For his paintings, Davies remixes the visual narrative, inserting fauna from Australia and a kidney shaped pool (as seen in Three Stories) in place of the natural stream, which seems to resemble a classic painter's palette lined with celluloid film. In Three Stories, the sky, a different color than what we see in the pool's reflection, bleeds over the edges of the palm trees as if it were as in need of attention as an aging, still-aspiring actress.
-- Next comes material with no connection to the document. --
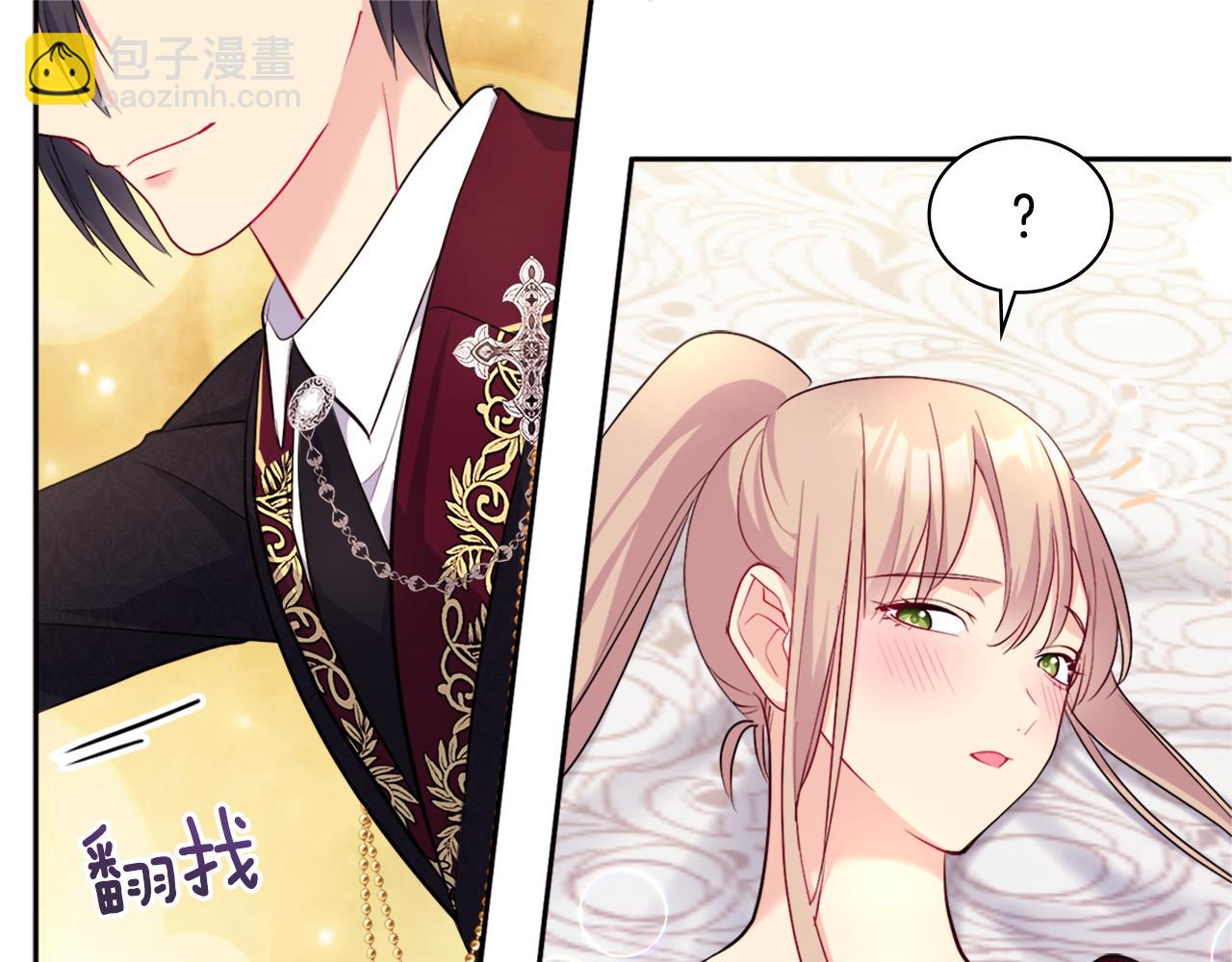 第124话 丈夫的喜好是我？8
Davies' exhibition title is a play on Henry Lawson's 1889 gold rush poem, "The Roaring Days," which was pulled from the larger collection, In the Days When the World Was Wide. The artist is drawing clear parallels between the mid 19th century gold rush that in many ways entranced and inspired Australians and transplant Californians alike, and how Los Angeles continues to lure wide-eyed, fame and fortune hungry actors, screenwriters, musicians, celebrity pastors, tech gurus, wellness warriors and fine artists to the promise land. The title of Lawson's collection also shows how creatives recognize and perhaps lament the ever-shrinking size of the globe. Davies could similarly be lamenting the ever-decreasing space for enduring imagery in an oversaturated digital, social media landscape, and how that could pollute and cramp the unconscious mind. What images, what memories endure for us? What stands out amidst all the noise? What moments, memories, structures or spaces do we pollute with our own darkness, our own light?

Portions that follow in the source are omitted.